Hedge-planting starts on Rotary Peace Garden

Hedge-planting starts on Rotary Peace Garden

 

Despite forecasts of heavy rain, or even snow, volunteers turned up to help Leicester Novus Rotary Club complete the Peace Garden it is building at Falcons Primary School in the city.

Overseen by Frazer Robson, who has led the project from the start, and by Rotarian Jim Matthews, and school premises officer Viren Shah, together with Leicester University law lecturer and De Montfort University students Rubab Talpur and Yuhong Dong planted about 160 saplings of several species which will form a hedge around the site.

Jim, Novus’s Community Services lead, said: “We are so grateful to Ewa, Rubab and Dong for putting in such good work in very muddy conditions for a couple of hours during which we broke the back of the task we have set ourselves. We have even more volunteers coming tomorrow morning — let’s hope for similarly good weather.”

Saturday morning was bitterly cold with a strong wind blowing occasional flurries of snow. Nonetheless, the 15 volunteers completed the task in only just over an hour.

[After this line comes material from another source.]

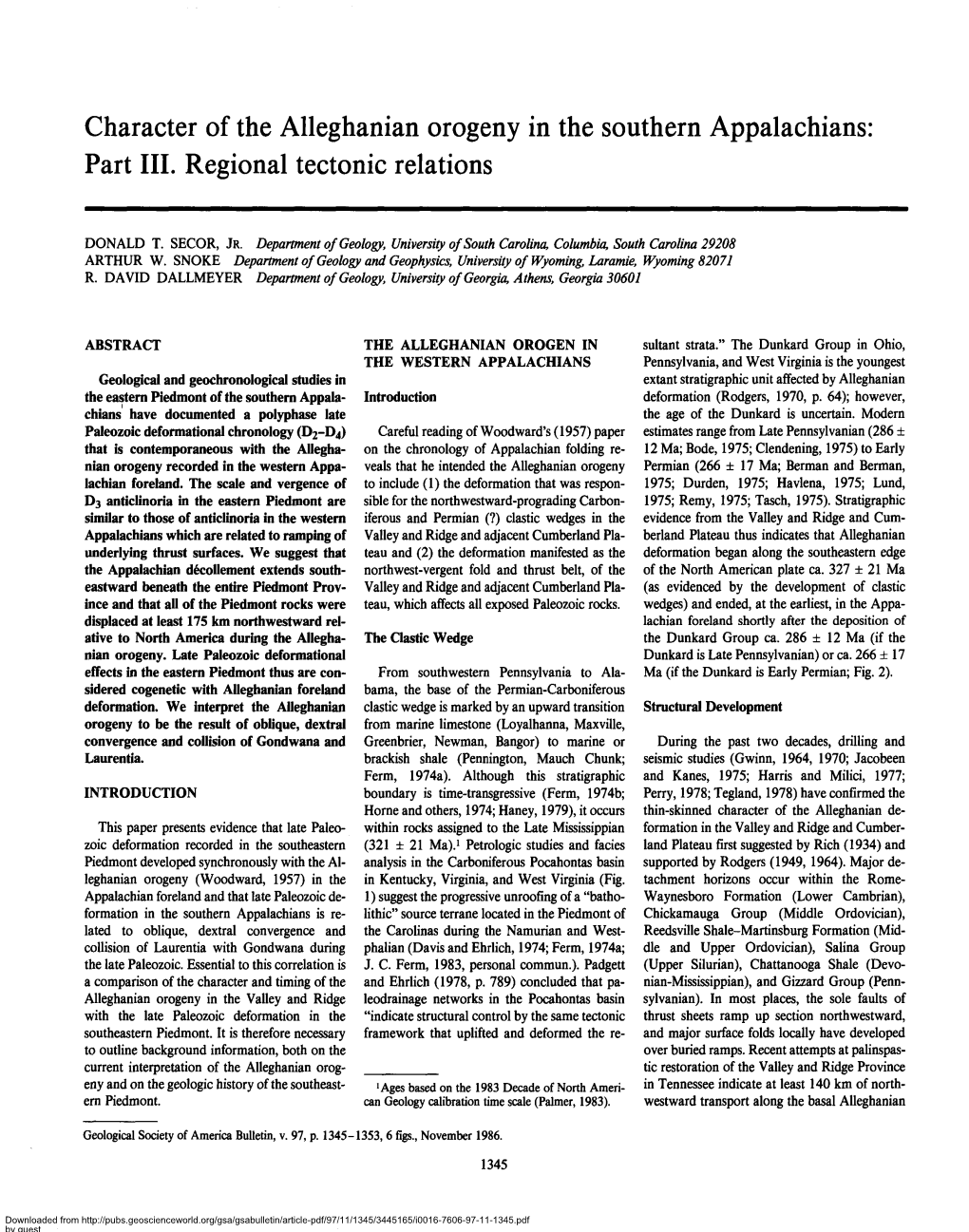 Character of the Alleghanian Orogeny in the Southern Appalachians: Part III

Head teacher and Novus Rotary member Jasbir Mann holds the Peace Pole with the hedge-planting volunteers

Head teacher and Novus Rotary member Jasbir Mann holds the Peace Pole with the hedge-planting volunteers on Saturday morning

Headteacher Jasbir Mann put on the kettle for the volunteers — including seven more DMU students Kyna Broadhead, Kelcey Burton, Georgia Chenery,Sarah Knight, Qin Yanrong, Reychtal Ratcheva, Zhang Qiyue — plus Jasbir’s husband Ranjit, with Matthew Herbert, of the Leicestershire Wildlife Trust. Matthew has been the expert designer of the Peace Garden, but still rolls up his sleeves and gets his hands dirty, as does John Niblett, of the Rotary Club of Oadby Launde, which paid for the centrepiece of the Peace Garden.

That is the Peace Pole, so-called because it contains text in nine languages expressing one of Rotary’s central tenets: “May Peace Prevail On Earth.” The pole was erected ready for the opening of the Peace Garden in April.

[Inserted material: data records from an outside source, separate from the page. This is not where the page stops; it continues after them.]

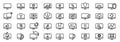 Computer icons. Flat line computer icons. Device web icons. Set of smart devices and gadgets. Flat line device icons. Device and
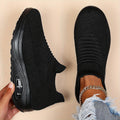 Women's Slip-On Trainers with Air Cushion Sole - Black
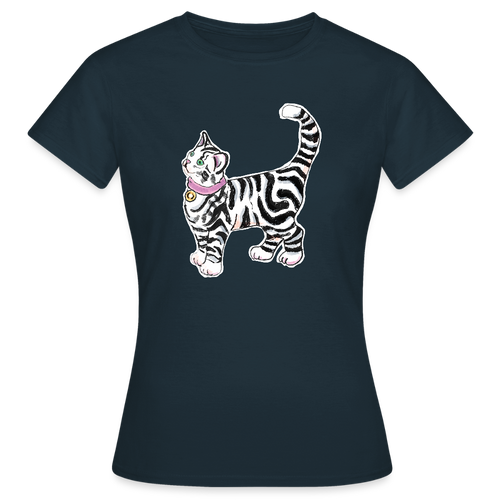 Frauen T-Shirt - “Getigerte Katze” - Navy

By then, it is hoped, the grass and the 240 saplings will have grown. The sapling species include dog rose, hawthorn, hazel, crab apple, dogwood, rowan, blackthorn, silver birch, common ash, and wild cherry. The saplings were provided free by The Woodland Trust, under a scheme sponsored by Sainsbury’s, People’s Postcode Lottery and Yorkshire Tea.

Over tea and biscuits, club President Pradeep Popat presented certificates to Jasbir, Ranjit and Viren Shah, who had all completed an evening-long training course in Cardio Pulmonary Resuscitation and use of automatic external defibrillators held by the Rotary club at the school in January 2018.

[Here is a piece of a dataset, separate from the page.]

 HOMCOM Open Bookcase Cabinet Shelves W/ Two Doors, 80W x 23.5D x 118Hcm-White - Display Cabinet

After the volunteers had left, and small snowflakes began to fall, the deserted Peace Garden looked as it should when it fulfills its purpose — being a place of tranquility where pupils parents and staff can find peace and a place and time to relax and think.

A central feature of the Peace Garden is the Peace Pole and the water feature surrounded by trellises and seats

A central feature of the Peace Garden is the Peace Pole and the water feature surrounded by trellises and seats.